Materials provided START

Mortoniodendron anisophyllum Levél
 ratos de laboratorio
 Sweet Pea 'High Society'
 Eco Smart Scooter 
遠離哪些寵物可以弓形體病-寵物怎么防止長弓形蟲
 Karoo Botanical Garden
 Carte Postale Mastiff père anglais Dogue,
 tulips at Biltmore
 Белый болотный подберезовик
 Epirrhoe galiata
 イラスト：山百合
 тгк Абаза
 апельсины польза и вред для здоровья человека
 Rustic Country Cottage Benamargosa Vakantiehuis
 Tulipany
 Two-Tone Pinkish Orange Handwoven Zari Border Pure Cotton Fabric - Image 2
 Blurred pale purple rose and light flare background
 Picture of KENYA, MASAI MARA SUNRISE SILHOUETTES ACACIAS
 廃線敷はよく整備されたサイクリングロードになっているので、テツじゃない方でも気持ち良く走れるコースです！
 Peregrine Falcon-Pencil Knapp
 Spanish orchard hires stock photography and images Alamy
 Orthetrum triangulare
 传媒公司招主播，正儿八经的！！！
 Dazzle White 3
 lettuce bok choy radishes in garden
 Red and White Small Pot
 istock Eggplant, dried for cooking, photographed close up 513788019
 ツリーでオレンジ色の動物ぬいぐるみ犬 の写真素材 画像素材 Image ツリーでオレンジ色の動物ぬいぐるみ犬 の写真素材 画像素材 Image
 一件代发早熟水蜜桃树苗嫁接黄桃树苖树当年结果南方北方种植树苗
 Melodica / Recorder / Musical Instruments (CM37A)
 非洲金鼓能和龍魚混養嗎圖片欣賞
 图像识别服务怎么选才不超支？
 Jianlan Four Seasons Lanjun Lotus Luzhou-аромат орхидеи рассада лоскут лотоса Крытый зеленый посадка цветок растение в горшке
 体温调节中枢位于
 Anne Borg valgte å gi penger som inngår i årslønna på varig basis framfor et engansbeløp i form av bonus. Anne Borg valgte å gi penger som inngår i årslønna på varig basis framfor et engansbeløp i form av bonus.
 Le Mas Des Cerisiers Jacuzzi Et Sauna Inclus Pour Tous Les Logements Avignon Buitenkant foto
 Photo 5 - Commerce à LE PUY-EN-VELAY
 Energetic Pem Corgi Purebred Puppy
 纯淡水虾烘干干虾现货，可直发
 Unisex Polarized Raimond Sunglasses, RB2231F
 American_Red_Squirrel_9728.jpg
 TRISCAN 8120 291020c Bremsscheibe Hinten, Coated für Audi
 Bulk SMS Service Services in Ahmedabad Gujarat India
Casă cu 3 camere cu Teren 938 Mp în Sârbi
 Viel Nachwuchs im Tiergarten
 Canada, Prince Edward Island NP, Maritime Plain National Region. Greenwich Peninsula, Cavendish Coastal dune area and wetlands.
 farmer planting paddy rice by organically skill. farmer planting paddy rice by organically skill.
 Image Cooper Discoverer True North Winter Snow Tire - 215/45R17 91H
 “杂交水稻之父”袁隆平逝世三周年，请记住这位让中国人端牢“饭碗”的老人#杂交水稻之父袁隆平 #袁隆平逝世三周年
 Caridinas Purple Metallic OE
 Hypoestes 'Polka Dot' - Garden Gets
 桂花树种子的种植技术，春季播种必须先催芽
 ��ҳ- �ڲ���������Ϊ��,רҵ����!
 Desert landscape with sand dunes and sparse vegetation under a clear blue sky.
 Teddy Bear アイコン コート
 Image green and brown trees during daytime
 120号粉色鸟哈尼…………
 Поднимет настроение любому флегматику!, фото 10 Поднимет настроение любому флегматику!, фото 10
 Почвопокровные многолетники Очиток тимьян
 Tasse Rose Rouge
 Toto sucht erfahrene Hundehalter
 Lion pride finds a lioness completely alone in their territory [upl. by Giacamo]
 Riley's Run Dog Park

Materials provided END

### What to produce
Retype word for word everything in the listing above from the line that holds "tulips at Biltmore" down to the line that holds "lettuce bok choy radishes in garden". Keep both end lines and leave out the rest.

### Output of the task
 tulips at Biltmore
 Белый болотный подберезовик
 Epirrhoe galiata
 イラスト：山百合
 тгк Абаза
 апельсины польза и вред для здоровья человека
 Rustic Country Cottage Benamargosa Vakantiehuis
 Tulipany
 Two-Tone Pinkish Orange Handwoven Zari Border Pure Cotton Fabric - Image 2
 Blurred pale purple rose and light flare background
 Picture of KENYA, MASAI MARA SUNRISE SILHOUETTES ACACIAS
 廃線敷はよく整備されたサイクリングロードになっているので、テツじゃない方でも気持ち良く走れるコースです！
 Peregrine Falcon-Pencil Knapp
 Spanish orchard hires stock photography and images Alamy
 Orthetrum triangulare
 传媒公司招主播，正儿八经的！！！
 Dazzle White 3
 lettuce bok choy radishes in garden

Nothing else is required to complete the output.